Один был: одутловатый, под глазами мешки, борода клином, руки пухнут от лишней воды. Другой: весь в пороховых кружевах, морда в оспинах, лоб в два пальца высотой. Третий: обритый жлоб со сросшейся черной бровью; этот точно не ариец. Еще двое таяли в темноте.
— Люди как свиньи, чуешь? Сунули пятак в корыто и хрюкают. Пока им туда помоев подливают, всем довольны. Никто думать не хочет. Фюрер меня чем зацепил? Говорит: думай своей головой! Если на все есть готовые ответы, значит, кто-то их для тебя подготовил! Задавать вопросы надо, понял?
— А вы сами-то раньше бывали в Рейхе? — спросил Артем.
— Я был, — сказал оспяной. — Транзитом. Проникся. Потому что правильно все. Все на свои места становится. Думаешь: сука, раньше-то я где был?
— Точняк, — подтвердил обритый.
— Каждый с себя должен начинать. Со своей станции. С малого, с малого начинать. Вот взять, прошерстить соседей хотя бы. Героями не рождаются.
— А они есть. Везде есть. У них типа мафии своей. Друг друга тянут. Нормальных не пускают.
— У нас на Рижской такое прям. Сколько ни бейся, как лбом об стену! — заметил Леха. — Это из-за них, что ли? Как они выглядят-то хоть?
— Они, чуешь, другой раз так спрячутся, от человека не отличишь. Поскрести приходится.

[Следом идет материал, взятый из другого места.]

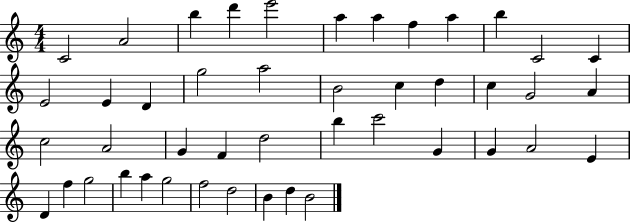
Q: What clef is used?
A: treble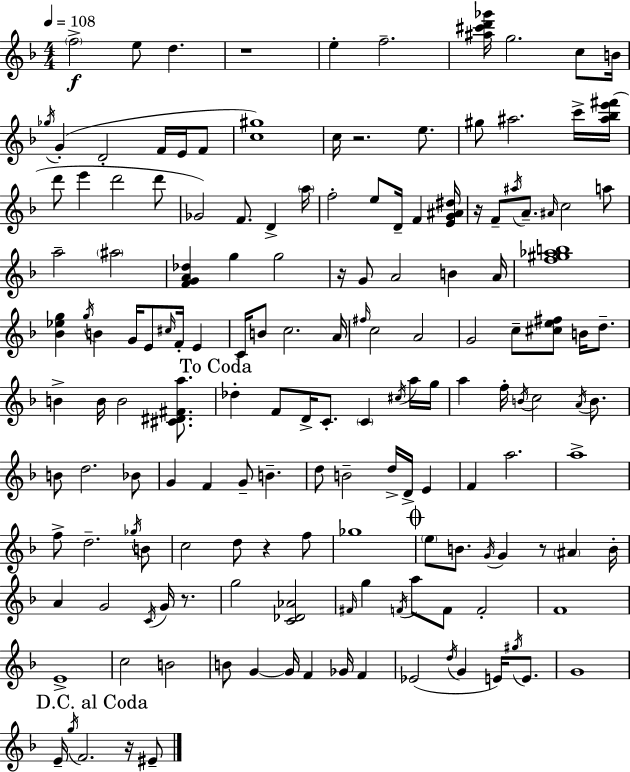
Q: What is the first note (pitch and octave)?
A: F5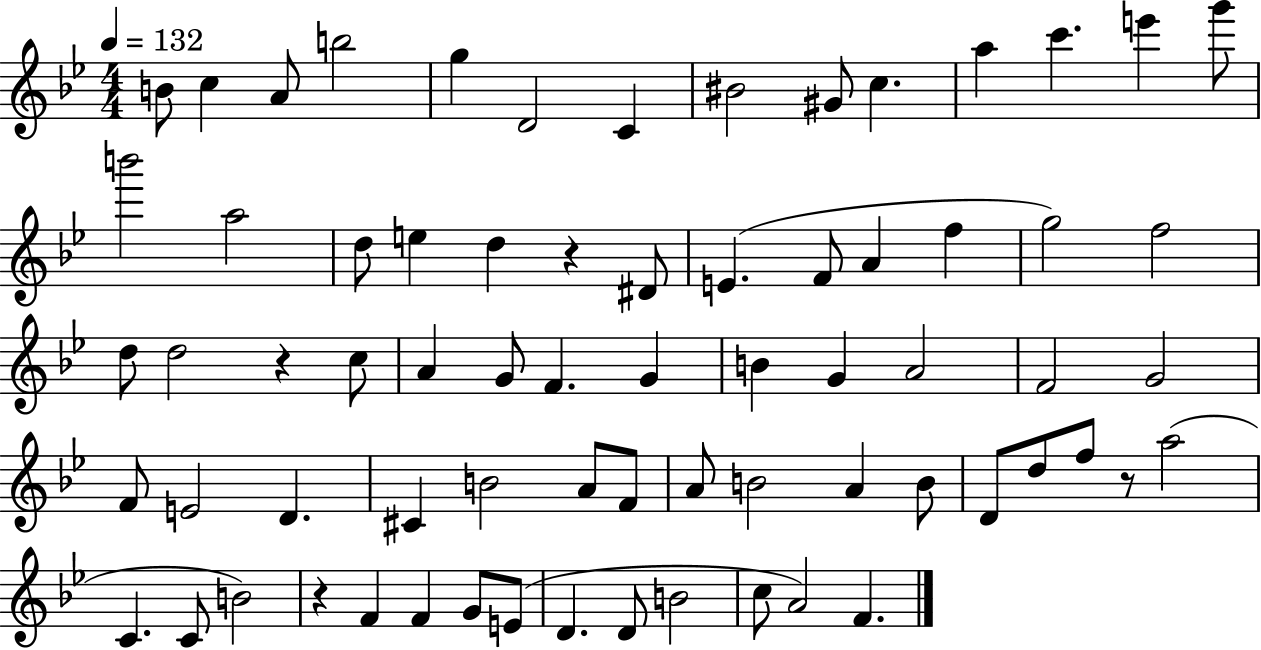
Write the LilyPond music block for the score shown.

{
  \clef treble
  \numericTimeSignature
  \time 4/4
  \key bes \major
  \tempo 4 = 132
  b'8 c''4 a'8 b''2 | g''4 d'2 c'4 | bis'2 gis'8 c''4. | a''4 c'''4. e'''4 g'''8 | \break b'''2 a''2 | d''8 e''4 d''4 r4 dis'8 | e'4.( f'8 a'4 f''4 | g''2) f''2 | \break d''8 d''2 r4 c''8 | a'4 g'8 f'4. g'4 | b'4 g'4 a'2 | f'2 g'2 | \break f'8 e'2 d'4. | cis'4 b'2 a'8 f'8 | a'8 b'2 a'4 b'8 | d'8 d''8 f''8 r8 a''2( | \break c'4. c'8 b'2) | r4 f'4 f'4 g'8 e'8( | d'4. d'8 b'2 | c''8 a'2) f'4. | \break \bar "|."
}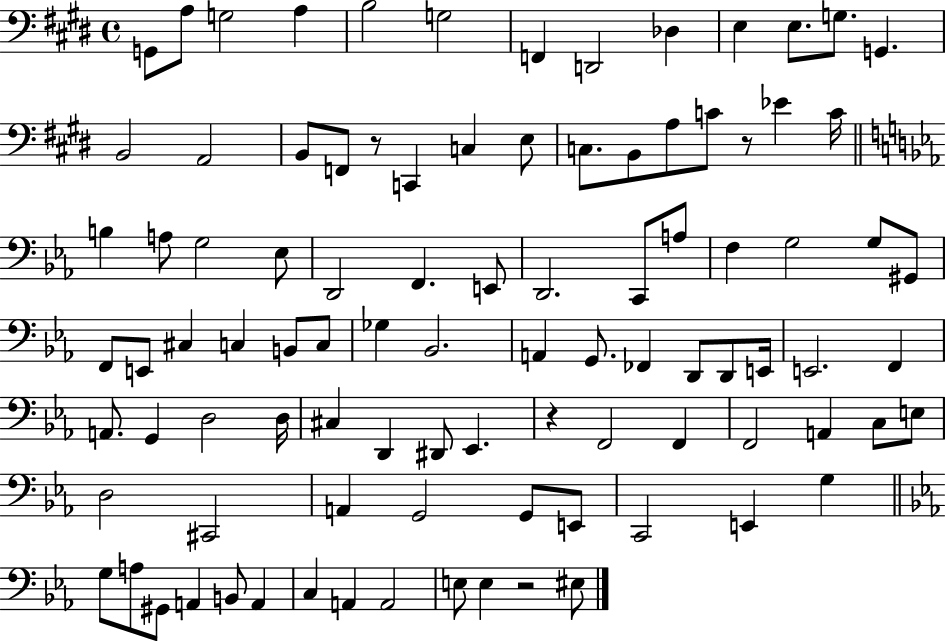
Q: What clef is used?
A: bass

— Жалко, не все втыкают! — поддержал отечный обритого. — У нас на станции начал уродов вычислять… В общем, люди не все еще готовы, — он потер челюсть. — Некоторые скрещиваются с ними, прикинь, мерзота?
— Главное, запоминать всех. Всех, кто на наших руку поднимал. Кто душил нашего брата. Придет еще времечко.
— Я говорю: давайте с нами! — оспяной никак не убирал руку с Артемова плеча. — Добровольцем! В Железный легион! Ты же наш! Ты наш ведь?
— Не, мужики. Мы в политике по нулям. Мы — в бордель.
Горло прямо сдавило. А рука эта жгла сквозь водолазку: вот-вот паленым потянет. Хотелось извернуться по-ужьи, уйти из-под этой руки. Да куда?
— А не обидно? Его зовут метро спасать, а он — в свое корыто пятаком обратно. Ты вообще думал хоть, почему мы в таком положении оказались? Как выживать нам, людям, думал вообще? Своей головой? Ни хера ты не думал. Только по шлюхам. Мокрощелки тебе интересно, а будущее нации тебя не колебет.